Fri 18 Jan 2013 02:18 PM
In my discussion about whether planet is a natural kind, I focus just on our solar system. Although we expect there to be planets around other stars as well, I say we don't know enough about the structure of other solar systems to generalize too much. I also comment that a gas giant which didn't orbit a star would not be a planet.
There's lots of interesting recent astronomy which makes my claims about the details out of date.
Further work has allowed astronomers to identify dozens of planets orbiting other stars, so-called exoplanets. The amateur techniques for discovery are sufficiently routine that many of the discoveries have been made by amateur astronomers. Of course, we don't have - and may never have - ways of detecting smaller objects like Trojan asteroids in the orbits of exoplanets.

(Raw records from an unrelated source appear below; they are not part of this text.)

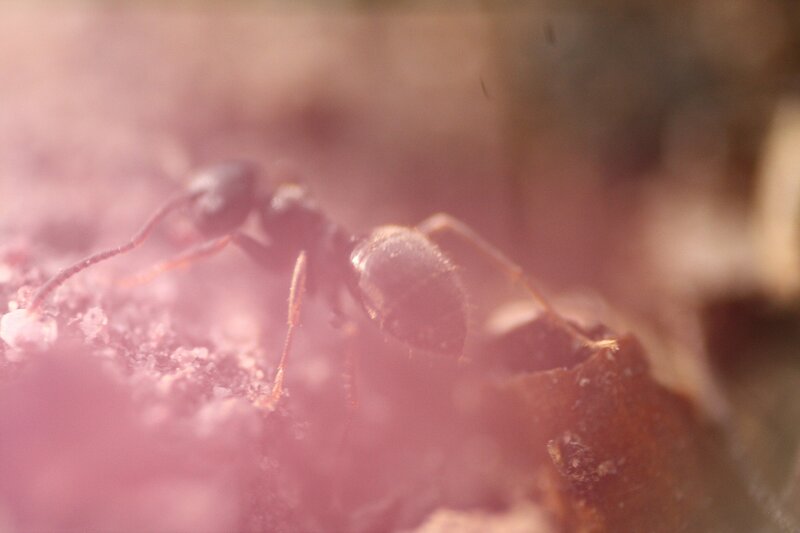 Ant on Soil Surface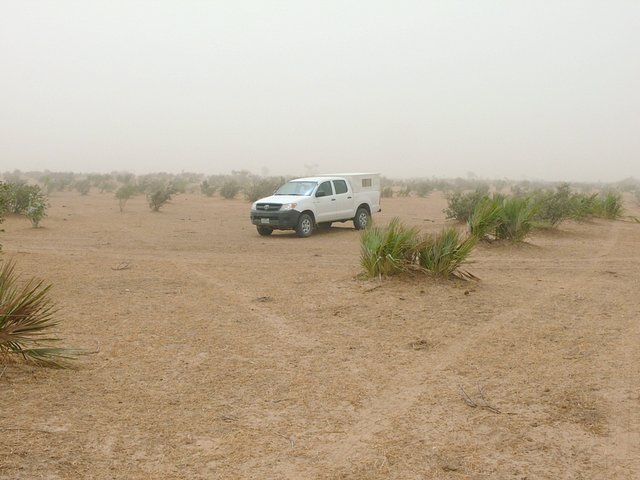 Looking south across the point, to the Wilkinson vehicle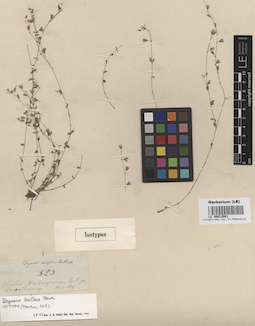 LE 00012081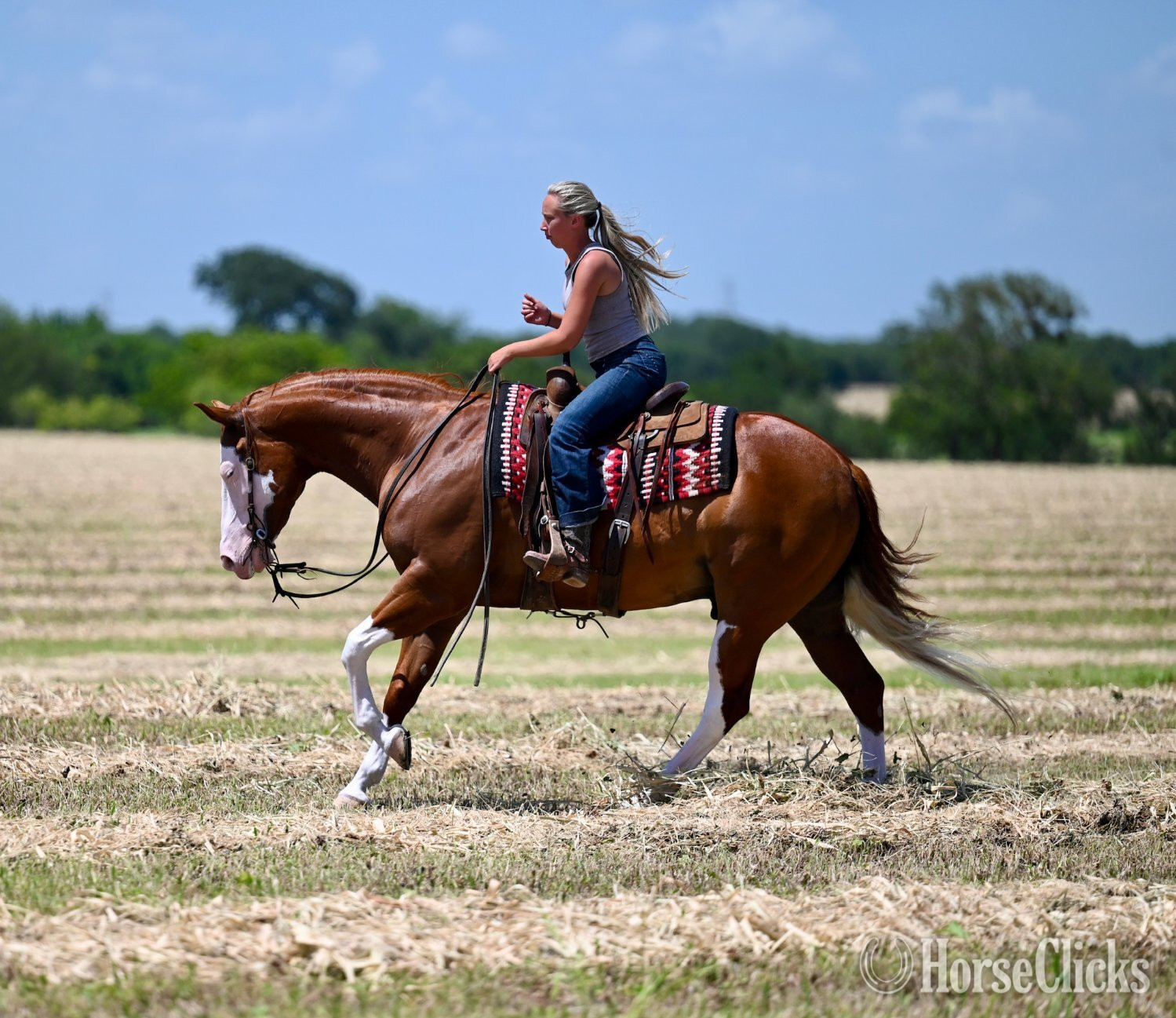 "Trashy" Sorrel Gelding Quarter Horse - Quarter Horse in Texas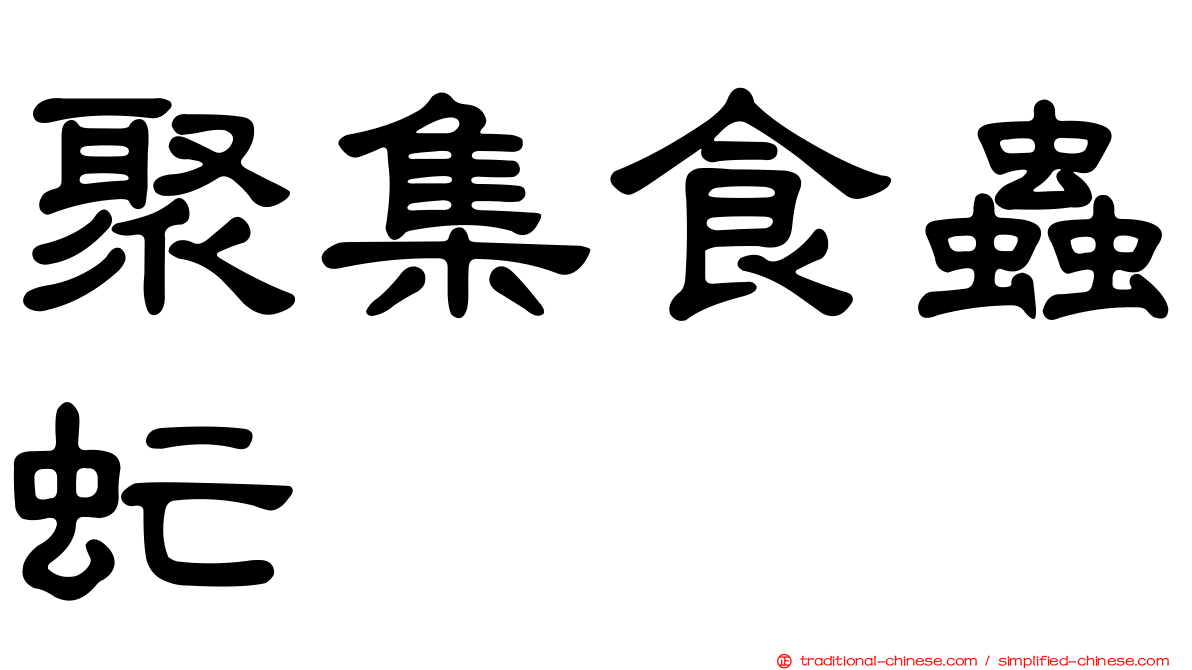 聚集食蟲虻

Last Fall, astronomers discovered what most news sources have described as a "rogue planet" and which the paper announcing it calls a "free-floating planet". Despite such loose talk, sources are clear that it is still an open question whether the object formed around a star (and so was born like a planet) or formed out on its own (and lacked sufficient mass to ignite as a star). In the introduction to the paper, the authors use the more cautious phrase 'Isolated Planetary Mass Object' (IPMO).
These are cool findings which I would discuss if I were writing the book now, rather than two years ago. The difference would just be in the details, though, and I think my general conclusions still hold.
Since natural kinds are contingent and identifying them is fallible, though, I fully expect there to eventually be some discoveries which entirely undo something that I say in the book. I would be deeply suspicious of any philosophy of science which was immunized against such revision.